How to spot audio deepfakes (2024)

It took a New Orleans street magician only 20 minutes and $1 to create audio that sounded like President Joe Biden discouraging Democrats from voting in the New Hampshire primary.

The robocall was found to be a product of artificial intelligence, and soon after, the Federal Communications Commission banned AI-generated voices in robocalls.

But identifying AI-generated audio in the wild is easier said than done.

We tested four free online tools that claim to determine whether an audio clip is AI-generated. Only one of them signaled that the Biden-like robocall was likely AI-generated. Experts told us that AI audio detection tools are lacking in accuracy and shouldn’t be trusted on their own. Nevertheless, people can employ other techniques to spot potential misinformation.

"Audio deepfakes may be more challenging to detect than image or video deepfakes," said Manjeet Rege, director of the Center for Applied Artificial Intelligence at the University of St. Thomas. "Audio lacks the full context and visual cues of video, so believable audio alone is easier to synthesize convincingly."

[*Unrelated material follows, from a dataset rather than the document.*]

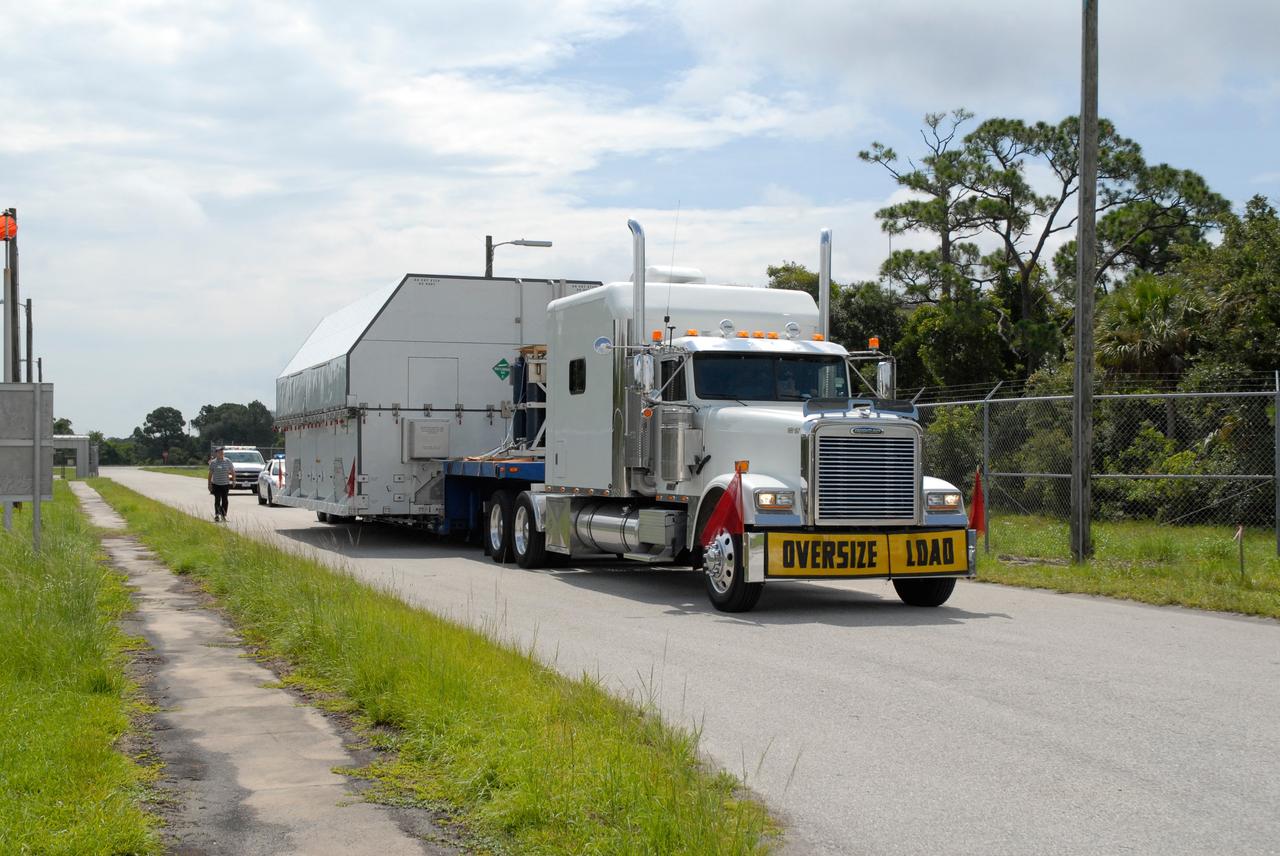 CAPE CANAVERAL, Fla. –  A second shipping container of major flight hardware for space shuttle Atlantis' STS-125 mission to NASA's Hubble Space Telescope is transported to the Payload Hazardous Servicing Facility at NASA's Kennedy Space Center to begin preparations for its targeted October launch.  The container holds the Super Lightweight Interchangeable Carrier, or SLIC, and the Orbital Replacement Unit Carrier, or ORUC. The payload carriers will be prepared for the integration of telescope science instruments, both internal and external replacement components, as well as the flight support equipment to be used by the astronauts during the servicing mission.  The three payload carriers or pallets are the Flight Support System, the SLIC and the ORUC.  At the end of July, a fourth and final carrier, the Multi-Use Lightweight Equipment carrier will join the others in the Payload Hazardous Servicing Facility where the Hubble payload is being prepared for launch. Photo credit: NASA/Amanda Diller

The challenge of identifying audio deepfakes

Many people have called a business or government agency and heard an automatic response from a synthetic voice.

But only recently did people start using the technology to create deepfakes, said Siwei Lyu, a computer science and engineering professor at the University at Buffalo.

Lyu said audio deepfakes typically fall under two types: text-to-speech and voice conversion. The biggest difference between the two, he said, is the input. Text-to-speech systems enable computers to convert text into what sounds like a spoken voice. Voice conversion, by contrast, will take a person’s voice and manipulate it so that it sounds like another person’s voice, retaining the emotion and inhalation patterns of the original speech.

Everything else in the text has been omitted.